When dropping film off at a lab, it's safest to tell them specifically what ISO you shot at. Then let them adjust development appropriately. If you don't tell them anything, they will assume "box speed", the ISO as labeled on the cassette.
A dense, contrasty negative with blocked-out highlights and more grain than you'd normally expect from the film.
I'd be curious to hear why you want to do this and what your workflow will be after the films are developed – conventional silver prints or scans perhaps? The usefulness of the negative is determined by what you want to do with it afterwards.

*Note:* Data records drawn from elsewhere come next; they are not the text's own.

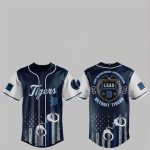 2025 Tigers Law Enforcement Appreciation Day Jersey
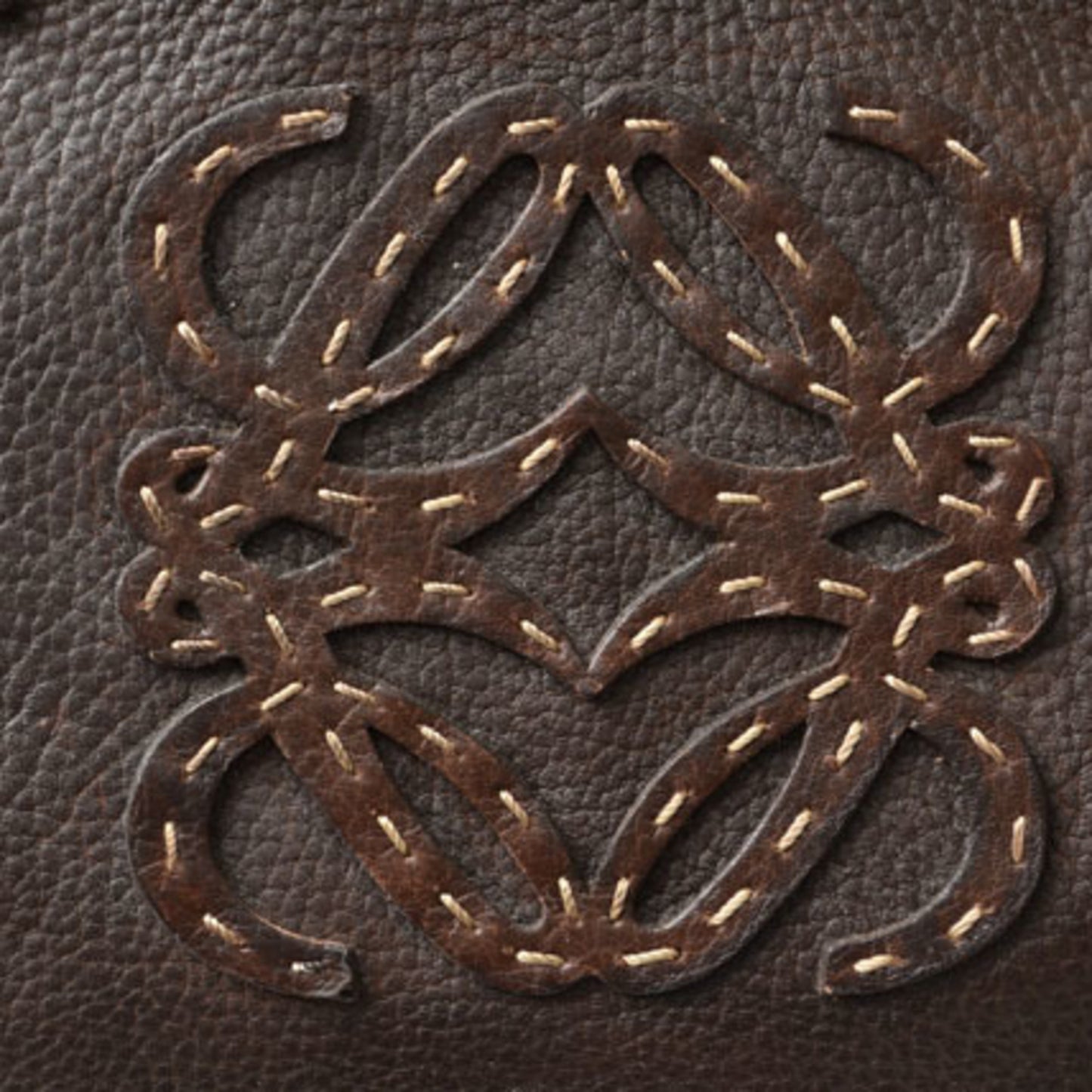 Loewe Others Brown Handbags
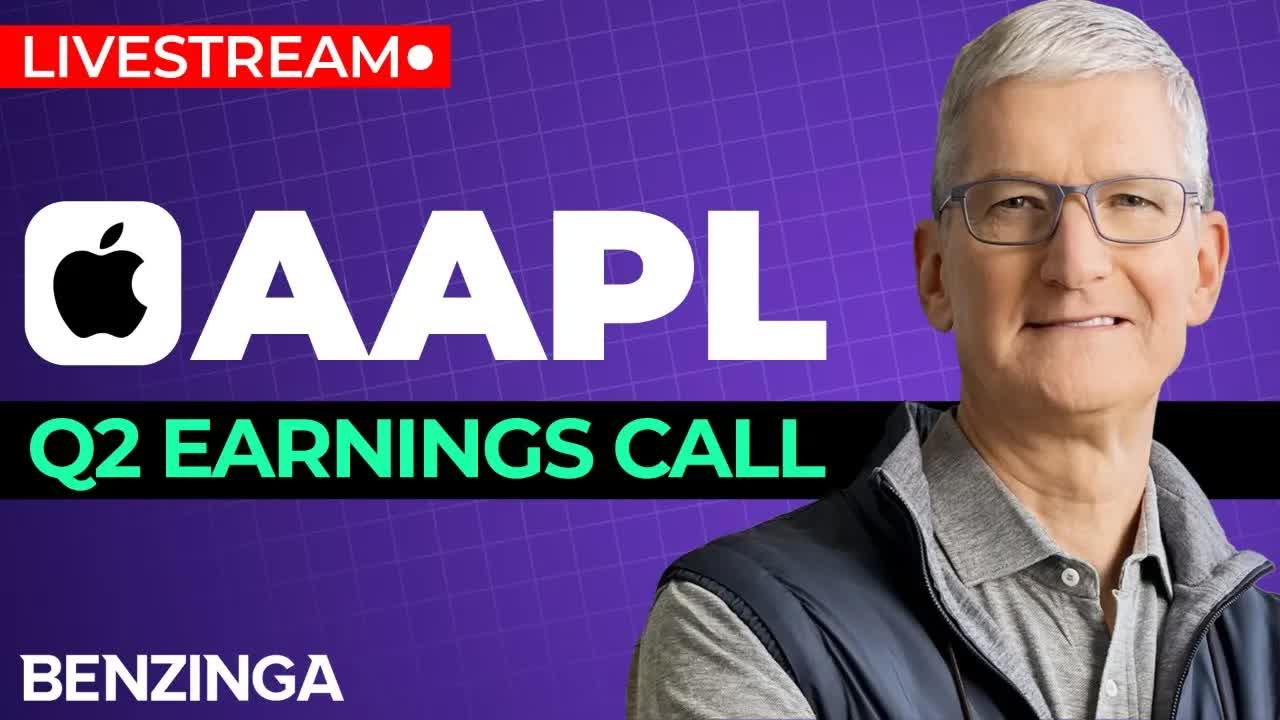 Apple Q2 2022 Earnings Call Livestream | AAPL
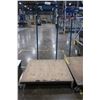 Image 3 : Lot of 3 assorted platform truck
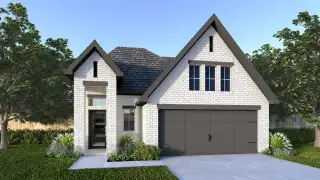 New construction Single-Family house 2803 Orange Leaf Dr, Fulshear, TX 77423 plan 1878W - image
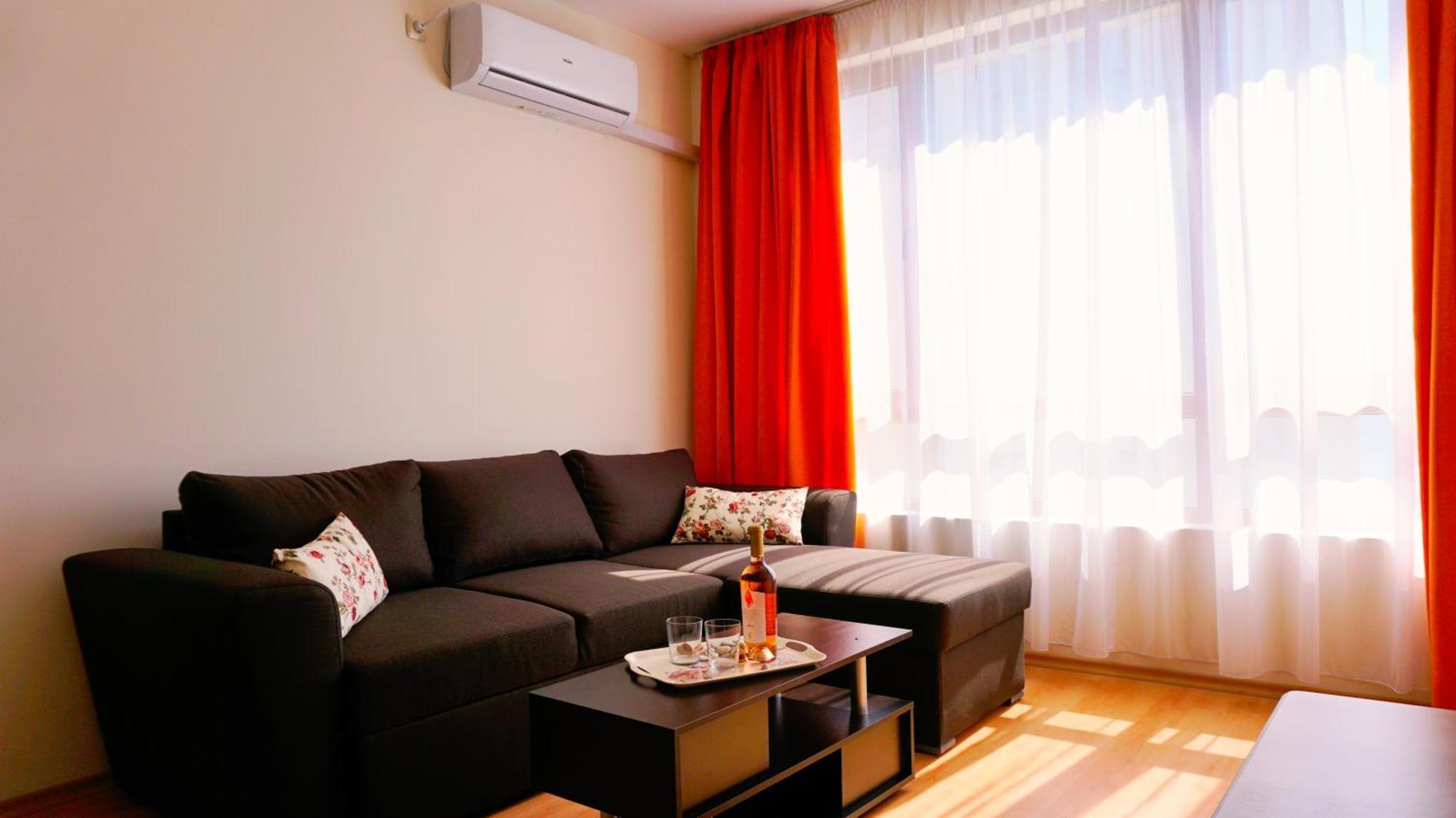Byala Vista Beach Apartments D - Бяла Виста Бийч Апартментс Д Pokój zdjęcie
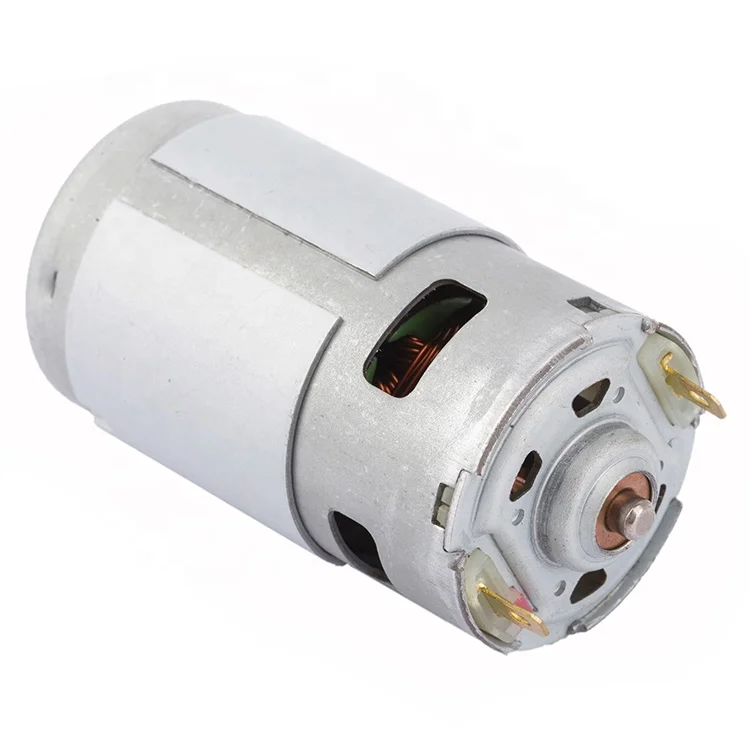Cheap price 45mm diameter 5mm shaft diameter motor generator 220v dc reliable mahufacturer and supplier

According to Evaluating your negatives:
An overexposed negative that is overdeveloped appears extremely dense and sooty and is laughing referred to as "bulletproof". The grain will be very excessive for the film used and the highlights will be unprintable. There is almost no way to make full scale prints from such a negative.
As has been stated, in most cases, this is a bad idea. However, if you plan to cross process C-41 films to E-6, then what you’ve listed is a starting point.
Normally exposed C-41, when crossed, comes out thin and lacking contrast. Starting with one stop overexposure and one stop overdeveloped is a good starting point. Though, you may end up at +2 stops overexposure,+2 stops overdevelopment with certain films (lookin’ at you, Portra).
A bit more on your examples:
Delta 100 exposed at 50, overdeveloped +1 - You'll get dark, dense negatives. Highlights will probably be blocked. This is just a bad idea in general.
Portra 160 exposed at 50, overdeveloped +1 & Ektar 100 exposed at 50, overdeveloped +1 - as these are both color negative film, we can treat them similarly. The overexposure at 1 stop won't actually cause any problem at all. Both of these films easily tolerate that. (Ektar proof: https://www.youtube.com/watch?v=jp4eJvTBjKU | Portra proof: https://petapixel.com/2018/02/05/test-reveals-exposure-limits-kodak-portra-400-film/) However, the overdevelopment will darken the image overall and increase contrast. That combined with the overexposure may compound the issue. In general, feel free to overexpose your color-neg film by a stop but please, develop normally for best results.
the textbooks say this is probably a bad idea, I know of one photographer who has beautiful work who commonly rates is ISO film speeds lower to overexpose with both color film and tri-x black and white film... Johnny patience, who can be found online shoots Kodak tri-x 400 at ISO 200 to overexpose at one stop, henan has it over developed one stop and his tri-x shots are some of the most incredible I've ever seen. He even has a blog post on his website about this, along with giving several examples. Here is a post explaining this method http://www.johnnypatience.com/the-zone-system-is-dead/
You will blow out (make white) the highlights significantly. The colors will be difficult, if not impossible, to print correctly at automated labs.
Typical SUC (Single Use Cameras) back in the day had ISO 400 or ISO 800 film, and exposed it as if it were ISO 100. That way when they were used indoors in bad lighting the lab had a chance of printing them.
The cost of 'pushing' film (at least in my lab) used to be about a dollar, and we did it by turning off the motor drive for 30 seconds (I think). So it could be the only roll in the tanks.
I don't think you'll like the results. If you're looking for that glowing, highlighted look that you see sometimes in prints it was more commonly done with slide film and a slightly blurred, over exposed duplicate shot stacked underneath it.